C’est un point à cadrer avec votre expert-comptable au moment de la signature, pas à la découverte de l’appel de cotisations.
La condition d’installation issue de l’avenant 7
Une disposition qui concerne les praticiens formés récemment : pour les étudiants ayant démarré leur formation à partir de 2023, l’installation en libéral conventionné est subordonnée au respect d’au moins une condition parmi celles fixées par la convention — notamment une expérience professionnelle préalable en établissement sanitaire ou médico-social.
Si vous êtes issu de ces promotions, vérifiez le dispositif applicable auprès de votre Conseil de l’Ordre et de votre CPAM avant d’arrêter un projet d’installation.
La démarche
- Vérifier le zonage de la commune visée sur le site de votre ARS.
- Vérifier votre éligibilité au contrat correspondant à votre situation — création, installation, maintien.
- Contacter votre CPAM, qui instruit l’adhésion et vérifie les conditions.
- Faire chiffrer l’impact fiscal et social par votre expert-comptable.
- Vérifier votre logiciel au regard des indicateurs d’équipement informatique.
Questions fréquentes
Combien peut-on toucher au maximum ? Jusqu’à 49 000 € sur 5 ans avec le contrat d’aide à la création de cabinet en zone très sous-dotée, sous réserve de remplir l’ensemble des conditions.

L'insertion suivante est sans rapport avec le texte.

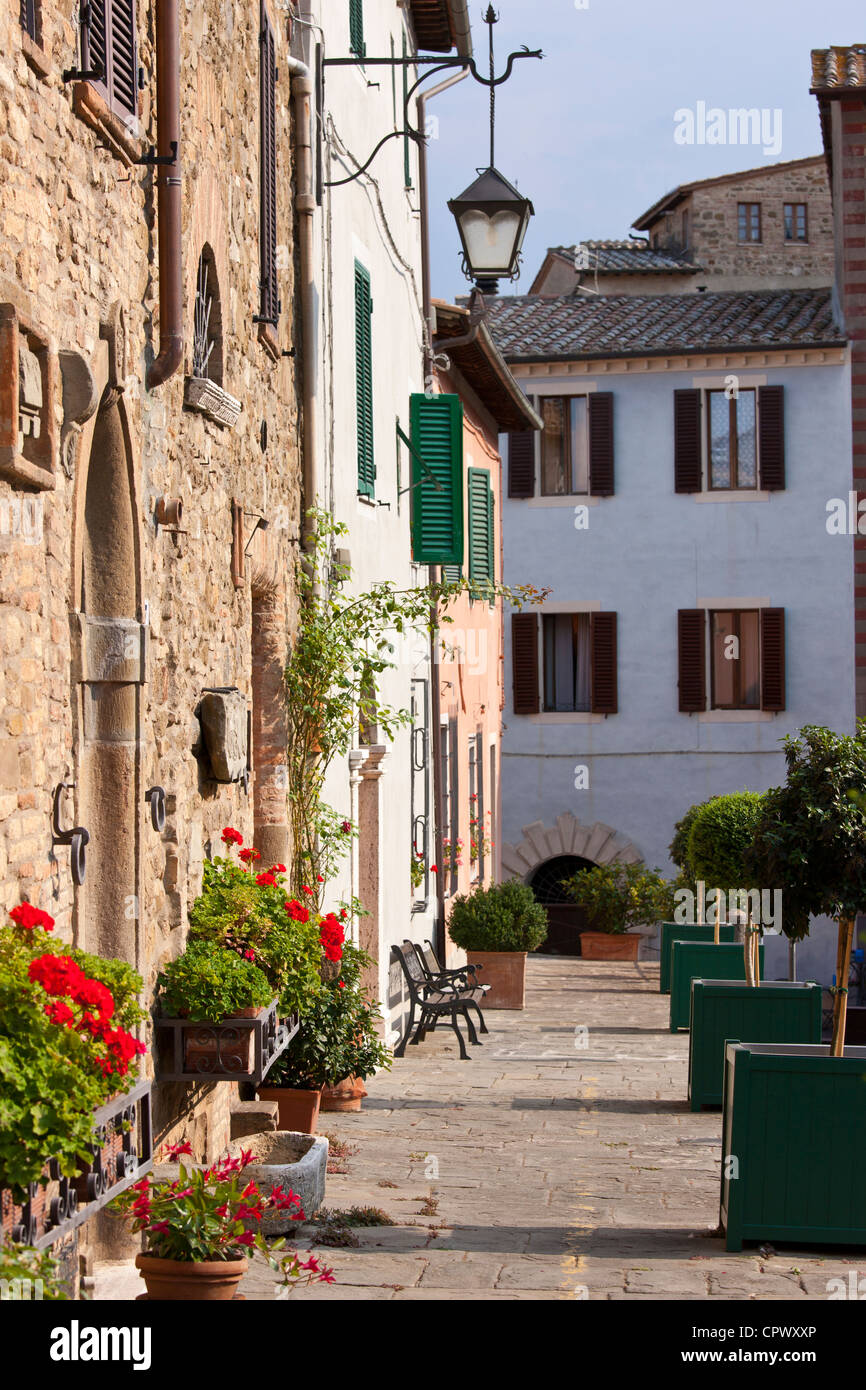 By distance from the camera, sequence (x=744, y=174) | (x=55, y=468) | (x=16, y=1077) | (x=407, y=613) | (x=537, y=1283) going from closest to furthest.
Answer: (x=16, y=1077) < (x=55, y=468) < (x=537, y=1283) < (x=407, y=613) < (x=744, y=174)

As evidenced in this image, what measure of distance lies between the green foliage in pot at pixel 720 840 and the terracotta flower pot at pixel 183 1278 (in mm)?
12283

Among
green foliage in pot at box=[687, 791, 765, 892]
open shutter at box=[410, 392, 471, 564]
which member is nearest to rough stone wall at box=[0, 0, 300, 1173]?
open shutter at box=[410, 392, 471, 564]

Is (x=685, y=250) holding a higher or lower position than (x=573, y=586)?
A: higher

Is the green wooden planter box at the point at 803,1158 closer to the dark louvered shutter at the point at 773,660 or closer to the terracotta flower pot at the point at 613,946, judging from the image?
the terracotta flower pot at the point at 613,946

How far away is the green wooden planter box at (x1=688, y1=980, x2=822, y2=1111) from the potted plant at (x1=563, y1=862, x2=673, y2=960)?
12.3 meters

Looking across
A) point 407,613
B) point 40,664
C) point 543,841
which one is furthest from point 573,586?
point 40,664

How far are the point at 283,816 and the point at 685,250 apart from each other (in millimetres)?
26961

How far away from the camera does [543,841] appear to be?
26078mm

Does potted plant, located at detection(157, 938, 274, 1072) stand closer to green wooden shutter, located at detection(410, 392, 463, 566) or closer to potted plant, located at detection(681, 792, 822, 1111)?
potted plant, located at detection(681, 792, 822, 1111)

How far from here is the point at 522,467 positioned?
26.0 m

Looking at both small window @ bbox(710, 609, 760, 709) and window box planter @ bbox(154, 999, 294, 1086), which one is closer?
window box planter @ bbox(154, 999, 294, 1086)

Peut-on cumuler plusieurs contrats ? Pas intégralement. Les sommes perçues au titre du contrat d’aide à l’installation sont déduites de celles versées au titre du contrat d’aide à la création de cabinet.
Quel niveau d’activité faut-il atteindre ? Un minimum de 2 000 actes la première année, puis 3 000 les années suivantes, dont 50 % auprès de patients résidant dans la zone très sous-dotée.
Ces aides sont-elles imposables ? Oui. Elles sont considérées comme une rémunération liée à l’activité et entrent dans vos recettes.
Où trouver le zonage de ma commune ? Sur le site de l’agence régionale de santé de votre région. L’arrêté de zonage du directeur général de l’ARS est la référence opposable.
Existe-t-il des aides en zone simplement sous-dotée ? Le dispositif conventionnel cible principalement les zones très sous-dotées. Des dispositifs régionaux ou territoriaux peuvent exister par ailleurs : renseignez-vous auprès de votre ARS et de votre collectivité.
Sources
- Assurance Maladie — Aides à l’installation et au maintien de l’activité en zones très sous-dotées, masseur-kinésithérapeute
- Arrêté du 21 août 2023 portant approbation de l’avenant n° 7 à la convention nationale des masseurs-kinésithérapeutes
- Assurance Maladie — Les avenants à la convention nationale
- Article L. 1434-4 du code de la santé publique — zonage
Article mis à jour en août 2026. Les montants, conditions et zonages sont susceptibles d’évoluer : vérifiez auprès de votre ARS et de votre CPAM avant tout engagement.